Effects of In vitro hemodilution, hypothermia and rFVIIa addition on coagulation in human blood

Abstract

Introduction: Coagulopathy can occur after hemorrhage, trauma and resuscitation, and has been associated with dilution of coagulation factors and hypothermia. Recombinant activated Factor VII (rFVIIa) has been used, often as a last resort, to improve hemostasis in trauma/hemorrhage patients with coagulopathy. The aim of this study was to further characterize the effects of rFVIIa on various coagulation parameters and the influence of temperature and hemodilution.

Methods: WHOLE BLOOD FROM HEALTHY HUMAN VOLUNTEERS WAS INCUBATED IN A COMBINATION OF THREE CONDITIONS: undiluted or diluted 40% with either lactated Ringer's solution or Hextend, at 37°C or 34°C, and with and without rFVIIa (1.26 μg/ml, final concentration). Blood or plasma, as appropriate, was measured for coagulation by thrombin generation, thromboelastography (TEG), prothrombin Time (PT) and activated partial thromboplastin (aPTT).

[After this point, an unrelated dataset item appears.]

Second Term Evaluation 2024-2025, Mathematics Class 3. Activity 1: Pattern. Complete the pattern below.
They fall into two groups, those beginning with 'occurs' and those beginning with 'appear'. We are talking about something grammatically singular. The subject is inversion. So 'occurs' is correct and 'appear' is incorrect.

Results: Incubation of plasma at 34°C significantly elevated thrombin generation, and prolonged PT and aPTT. Dilution of blood or plasma with 40% Hextend, but not lactated Ringer's, had a significant effect on TEG parameters, and prolonged PT and aPTT. In control conditions (37°C, 0 dilution), the addition of rFVIIa to human plasma or whole blood led to a significant change in all TEG parameters, and Lagtime for thrombin generation, but not to PT or aPTT.

Conclusion: Theses data show that thrombin generation is affected by hypothermia, but not 40% dilution. TEG is affected by 40% dilution with Hextend, but not by hypothermia. PT and aPTT are significantly affected by both hypothermia and dilution. Recombinant FVIIa caused a greater change in thrombin generation at 34°C as compared to 37°C, and a greater change in PT at 40% dilution, suggesting that the effect of rFVIIa on coagulation is both temperature and dilution dependant.

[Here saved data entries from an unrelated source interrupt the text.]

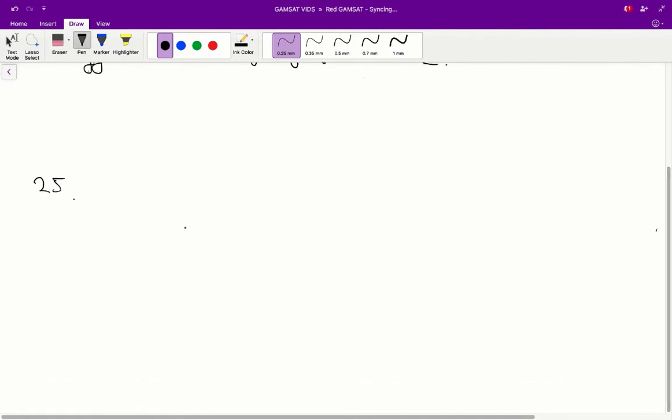Alright. Question 25. Two yellow-coated spotted mice were crossed repeatedly. Of the following, the phenotypes of offspring born would most likely include. Alright.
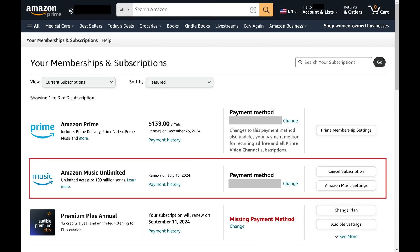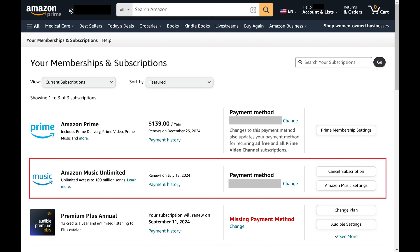Step 3. Find Amazon Music Unlimited in this list, and then click Cancel Subscription associated with that option.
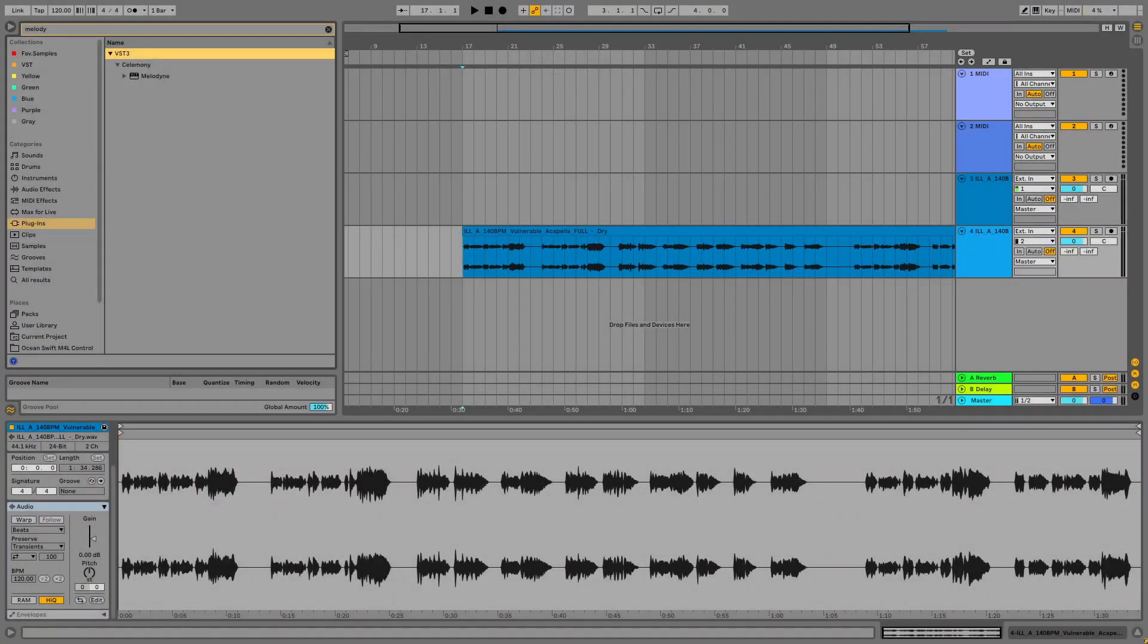Hello guys and welcome back to the channel. This is just a quick tip video about how you can make Melodyne work faster in Ableton Live.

Keywords: PT; TEG; aPTT; thrombin generation.

Figure 1

The thrombin generation curve was derived as the 1^st derivative of the appearance of the fluorescent product over time (inset). Lagtime, ttPeak, Peak and ETP are illustrated.

Figure 2

Effect of rFVIIa (1.26μg/ml, final concentration in PPP), temperature (34°C and 37°C), and 40% blood hemodilution (Hextend [HX] or lactated ringers [LR]) on Lagtime and ttPeak in human plasma in vitro. Values represent Mean±SEM. *=P<0.05 between or among groups spanned by the horizontal bars

Figure 3

Effect of rFVIIa (1.26μg/ml), temperature (34°C and 37°C), and 40% blood hemodilution (Hextend [HX] or lactated ringers [LR]) on Peak and ETP on human plasma in vitro. Values represent Mean±SEM. *=P<0.05.

Figure 4

Effect of rFVIIa (1.26μg/ml), temperature (34°C and 37°C), and 40% blood hemodilution (Hextend [HX] or lactated ringers [LR]) on R and K in human blood in vitro. Values represent Mean±SEM. *=P<0.05.

Figure 5

Effect of rFVIIa (1.26μg/ml), temperature (34°C and 37°C), and 40% blood hemodilution (Hextend [HX] or lactated ringers [LR]) on α angle and MA in human blood in vitro. Values represent Mean±SEM. *=P<0.05.

Figure 6

Effect of rFVIIa (1.26μg/ml), temperature (34°C and 37°C), and 40% blood hemodilution (Hextend [Hex] or lactated Ringers [LR]) on PT and aPTT in human plasma in vitro. Values represent Mean±SEM. *=P<0.05.